What is the "natural abstraction hypothesis"?

Introduction

Informally, the natural abstraction hypothesis (NAH) claims:

  • Our physical world “abstracts well” into high-level abstractions of low-level systems.

  • These abstractions are “natural” in the sense that many different kinds of learning processes acquire and use them.

  • These abstractions approximately correspond to the concepts used by humans.

If the NAH is true, AI alignment could be dramatically simplified, as it implies that powerful AI will generally think in concepts that humans can understand.1

Explanation of the natural abstraction hypothesis

Let's unpack that definition. First, what do we mean by “our physical world abstracts well”? Just that for most structures in the world, the information that describes how the structure interacts with other stuff “far away” from it is much lower-dimensional (i.e., requires fewer numbers to describe) than the structure itself. “Far away” can refer to many kinds of separation, including physical2, conceptual, and causal separation.

For example, a wheel can be understood without considering the position and velocity of its every atom. We only need to know a few large-scale properties (its shape, how it rotates, etc.) to model how a wheel interacts with other parts of the world. These properties can be represented by just a handful of numbers, while, while an atomically precise description would require over 10^26 numbers! In this sense, the wheel is an abstraction of the atoms that compose it.
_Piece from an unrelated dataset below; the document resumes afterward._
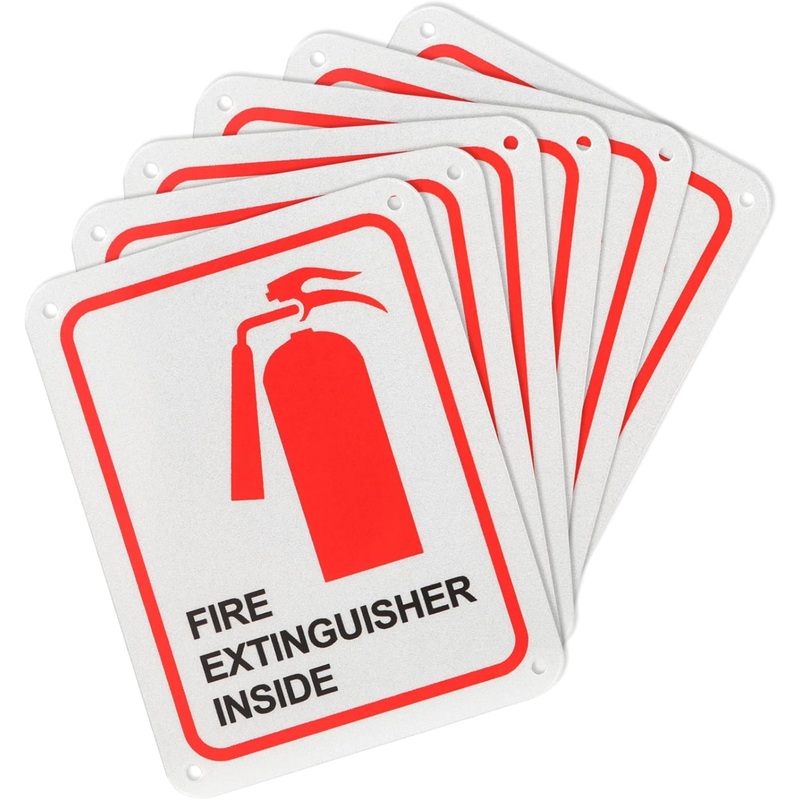 Eyoloty Fire Extinguisher Inside Signs 6 Pack,5x4 Inch Fire Extinguisher Sign,Fire Safety Sign .040 Rust Free Aluminum, Fade Resistant, Restaurant, Business, Home Indoor/Outdoor Use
Or consider a rock: you don't need to keep track of its chemical composition if you’re chucking it at someone. You just need to know how hard and heavy it is.

The NAH claims that different minds will converge to the same set of abstractions because they are the most efficient representations of all relevant info that reaches the mind from “far away”. There are many things that are “far away” that affect structures a mind would care about, so said mind will be incentivized to learn those abstractions. So, for instance, if someone mostly cares about building great cars, then things like “Hertzian Zones” may affect its ability to build great cars despite being conceptually far from car-design. So said mind would plausibly have to learn what high-pressure phase transitions are.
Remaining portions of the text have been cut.